Bolivian Govt. & Companies Study Gas Pipeline Project

BNAmericas

Bolivia's government and private companies are studying a project to export gas to Argentina through a proposed US$1bn pipeline to be built by Argentine construction group Techint, Bolivia's hydrocarbons ministry said in a statement.

The 1,500km pipeline, known as Gasoducto Noreste Argentino, is scheduled to start up in 2005. Initially it would transport 10 million cubic meters a day (mcm/d) from Bolivia, possibly rising later to 20mcm/d.

However, Argentina already has large gas reserves in the northwest, so Bolivia's gas will not be needed until these start to decline, Bolivia's hydrocarbons minister Alvaro Rios said on his return from a visit to Argentina.

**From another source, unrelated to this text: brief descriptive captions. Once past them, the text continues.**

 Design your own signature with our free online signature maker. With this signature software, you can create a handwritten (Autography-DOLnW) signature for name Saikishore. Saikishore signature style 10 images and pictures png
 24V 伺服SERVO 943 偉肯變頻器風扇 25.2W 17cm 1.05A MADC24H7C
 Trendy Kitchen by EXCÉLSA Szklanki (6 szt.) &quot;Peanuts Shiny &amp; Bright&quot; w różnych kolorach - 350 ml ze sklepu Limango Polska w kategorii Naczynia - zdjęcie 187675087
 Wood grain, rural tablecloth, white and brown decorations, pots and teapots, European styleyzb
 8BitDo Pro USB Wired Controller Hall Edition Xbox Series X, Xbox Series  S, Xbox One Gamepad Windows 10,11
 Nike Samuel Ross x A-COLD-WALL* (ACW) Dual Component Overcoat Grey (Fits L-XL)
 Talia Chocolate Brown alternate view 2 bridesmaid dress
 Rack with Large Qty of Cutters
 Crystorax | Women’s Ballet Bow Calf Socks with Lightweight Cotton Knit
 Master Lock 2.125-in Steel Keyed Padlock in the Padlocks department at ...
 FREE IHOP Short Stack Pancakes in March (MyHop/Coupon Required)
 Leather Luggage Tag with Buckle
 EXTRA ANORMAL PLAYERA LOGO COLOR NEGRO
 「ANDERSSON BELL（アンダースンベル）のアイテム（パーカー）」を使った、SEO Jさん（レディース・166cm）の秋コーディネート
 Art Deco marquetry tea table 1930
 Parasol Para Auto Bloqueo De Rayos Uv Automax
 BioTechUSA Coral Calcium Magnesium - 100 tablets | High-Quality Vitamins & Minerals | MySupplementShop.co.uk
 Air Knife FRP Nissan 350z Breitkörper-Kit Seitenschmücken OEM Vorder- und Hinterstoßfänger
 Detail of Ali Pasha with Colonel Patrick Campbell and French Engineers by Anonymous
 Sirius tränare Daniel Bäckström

He recommended that Bolivia wait until the Argentine market matures and gas rates are liberalized. Rates are currently frozen at their January 2002 pesofied level.

Bolivia has large gas reserves in the south of the country, where companies such as Argentina's Pluspetrol, which operates the Tacobo field, are interested in exporting, Rios said. The country has exported gas to Argentina for 29 years, but in quantities much less than the project would involve. The new pipeline is an opportunity to increase Bolivia's exports to Argentina as it has done to Brazil through the B2B pipeline, Rios said.

However, a senior associate at the Canadian Petroleum Institute (CPI) told BNamericas that Bolivia should be careful about how it regulates any new international gas pipelines. "Governments and regulators should be on the look out for people locking up an excessively high proportion of the available capacity and creating a monopoly which shouldn't be there," Roland Priddle said.

Brazil's state energy company Petrobras was the "only significant party, which had the financial wherewithal to make a long term commitment [to the B2B pipeline]" he said, adding that Petrobras has "locked up" the capacity. "A key feature is that if you want to have a functioning gas market, you need to have reasonable third party access to gas pipelines," he said. "That's contractual access, so when a pipeline is built there is an overriding regulatory interest in seeing to it that people who want to ship on it have equal opportunity to contract for capacity, and that did not happen with Bolivia-Brazil," he said.

Meanwhile, Argentina's President Nestor Kirchner expects to have a "profound dialogue" with his Bolivian counterpart Carlos Mesa during Mercosur's biannual meeting in Montevideo on December 16, Bolivian newspaper Editorial Opinion reported.

Argentina is anxious to establish an energy agenda with Bolivia that includes the new pipeline project, but will wait until Bolivia's holds a referendum on the gas export project in early 2004, the paper quoted Argentina's ambassador to Bolivia, Horacio Macedo, as saying.